Today, clinical research on early Alzheimer’s Disease (AD) dementia relies on invasive procedures and extended cognitive examinations both for screening and within trial usage. With a new era of decentralized clinical trials to come and an ever-higher focus on real-world evidence, there is a need to generate sensitive, non-invasive measures for at-scale remote cognitive impairment detection. Due to recent technological innovations, it is today feasible to use speech as a source for reliable cognition biomarkers. To address the current needs, ki:elements relies on newest advances in machine learning and sets out to build and validate a remote, fully automatic speech-based digital biomarker that detects cognition in an MCI state. For that, ki:e has conducted new experiments that evaluate the verification and validation of the ki:e speech biomarker for cognition (ki:e SB-C). Within a greater effort using the V3 framework, which provides a guide for the evaluation of digital sensing products, and the recently published playbook for digital biomarker validation for clinical trials from the DiMe society, we would like to report a subset of experiments needed for the evaluation demonstrating:
- precision of automatic extraction of speech features, obtained through a remote fully automated telephone assessment
- analytical validity of the performance of automatically extracted speech metrics to measure cognitive function
- discrimination between healthy individuals and individuals with MCI
The results bring us closer to the overarching mission of developing digital remote speech-based biomarkers that can be used in diagnostic or monitoring settings to identify (subtle) cognitive impairments due to AD.
automated speech recognition quality check
The speech input is generated during a fully automated telephone call. The subject performs a multi-trial list verbal learning task (RAVLT) which includes an immediate and a delayed recall and thus captures learning and memory capabilities. During the delay, a semantic verbal fluency task (SVF) is performed which allows the measurement of executive function.

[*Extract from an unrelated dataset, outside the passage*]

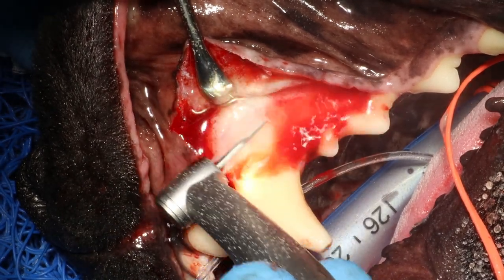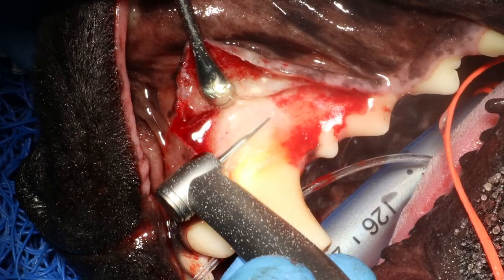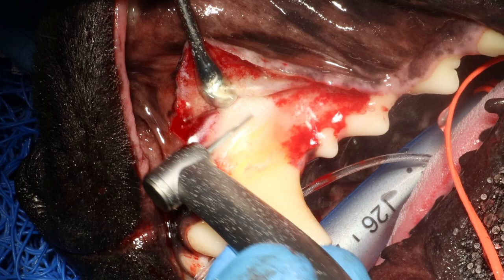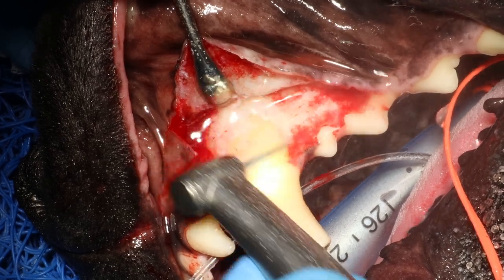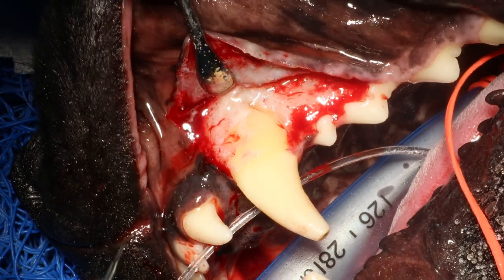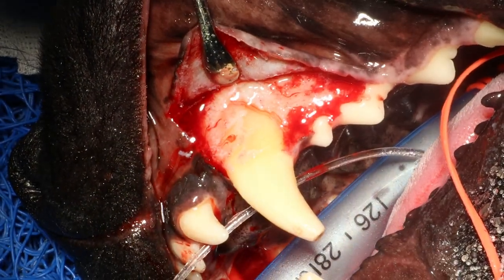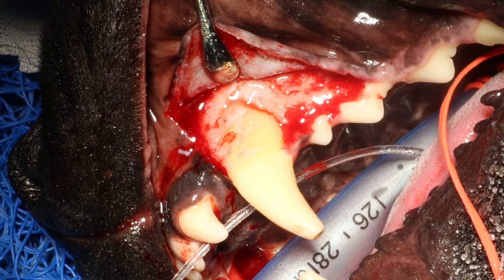You get much more surface area out of this burr so you can remove bone more quickly. I also like to create some grooves in front and behind this tooth — mesial and distal to this tooth root — and I will show you that in a little bit.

To accomplish the first goal a performance test was conducted to examine whether sensor technology captures task-specific input data with high accuracy and precision. For that, automatically generated transcripts were compared with manually corrected transcripts of the task protocol conducted via the telephone. The word error rate was calculated for each specific task and for two languages (Dutch and English). The mean word error rate ranges between 14.04% – 14.93% for English and between 23.53% – 21.80% for Dutch.
correlation with the gold-standard of cognition
However, beyond the technological interface used for its assessment, the core of the ki:e SB-C is the ML-based algorithm, which calculates a composite score for cognition using around 100 different speech features. The algorithm was developed and refined based on a ki:elements speech database and consists of features that reveal learning and memory abilities, use of strategies, as well as semantic and temporal characteristics of inhibition, mental flexibility and switching. To validate that this score captures cognitive abilities, we compared it against a traditional manual measure for old-age cognition: the Mini Mental State Examination (MMSE).
The MMSE is a gold-standard clinical scale, which also provides cognitive composite scores. Analysis reveals a significant correlation of the predicted biomarker scores with the values of the MMSE (r=-0.41, p= <0.05).
To demonstrate that the algorithm also quantifies a meaningful aspect of health, a model that was fit to best separate MCI and SCI patients was tested. A Kruskal Wallis test revealed a significant difference between MCI and SCI patients in the biomarker scores (H= 28.9, p<.001). Therefore, the algorithm was able to successively differentiate between the two clinical groups in a test data set.
Taken together the results show that the ki:e Speech Biomarker for cognition is a valid measure to infer cognition especially to remotely assess AD-related cognitive impairment at scale. The ki:e SB-C is an appropriate measure that withstands validation in a healthy and a clinical sample, correctly detects cognitive abilities and distinguishes among two clinical groups.